Disney has done it again by continuing its legacy of incredible animated films with Zootopia. From the trailer alone, I could tell that this movie was well-animated and charming, but Zootopia itself blows all expectations out of the water. Filled with laughs, social commentary, and held together by well-rounded characters, this movie has it all. Zootopia is easily the number one contender for best animated film of the year, and it’s only March.
Warning: Potential spoilers ahead!
Judy Hopps, a rabbit that grew up on a farm, has aspirations of becoming a police officer in Zootopia, a city where predators and prey live together in “harmony”.
Despite everyone telling her she can’t do it, Judy graduates first in her class at the police academy. After moving to the big city, Judy is assigned to parking ticket duty, where she encounters Nick Wilde, a fox who makes his living as a con man (con fox?). Together, they must solve the mystery behind a string of disappearances that threaten to tear Zootopia apart.

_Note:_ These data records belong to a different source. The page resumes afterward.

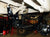 80-97 Ford Front Suspension Shackle Hanger Kits
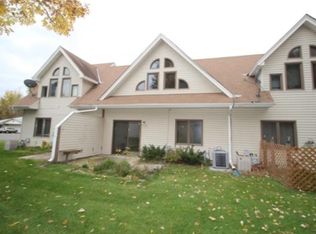 1031 124th Cir NW, Coon Rapids, MN 55448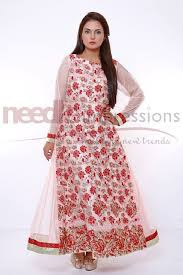 Stylish dresses for all ladies of Pakistan new fashion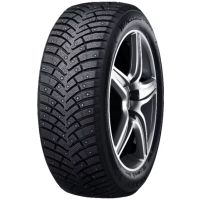 Nexen Winguard Winspike 3 195/55 R16 91T XL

Zootopia is a fantastic, near flawless film because of its strong characters, beautiful animation and relevant social commentary. Judy Hopps, our primary protagonist, is a lovable and sympathetic protagonist. Her personality is “bubbly” and optimistic, sometimes bordering on naive. This provides a stark contrast from the other animals in Zootopia, whom have more rigid and city-typical personalities. Seeing Judy grow in this film is a fun and fulfilling journey as she learns about herself and her own character flaws. Mad props to Ginnefer Goodwin, the voice actress for Judy Hopps; she brought her A-game for this character and the gamut of emotions she expressed. Nick Wilde is equally strong as far as character growth goes, as he eventually rises above the stereotypes that society deemed him to be. As far as the animation goes, this movie flexes its muscles with top notch CGI. From the extremely detailed facial animations, to the incredibly and varied environments, Disney spared no expense. Close-ups on characters such as Judy and Nick show their individual hair and fur strands.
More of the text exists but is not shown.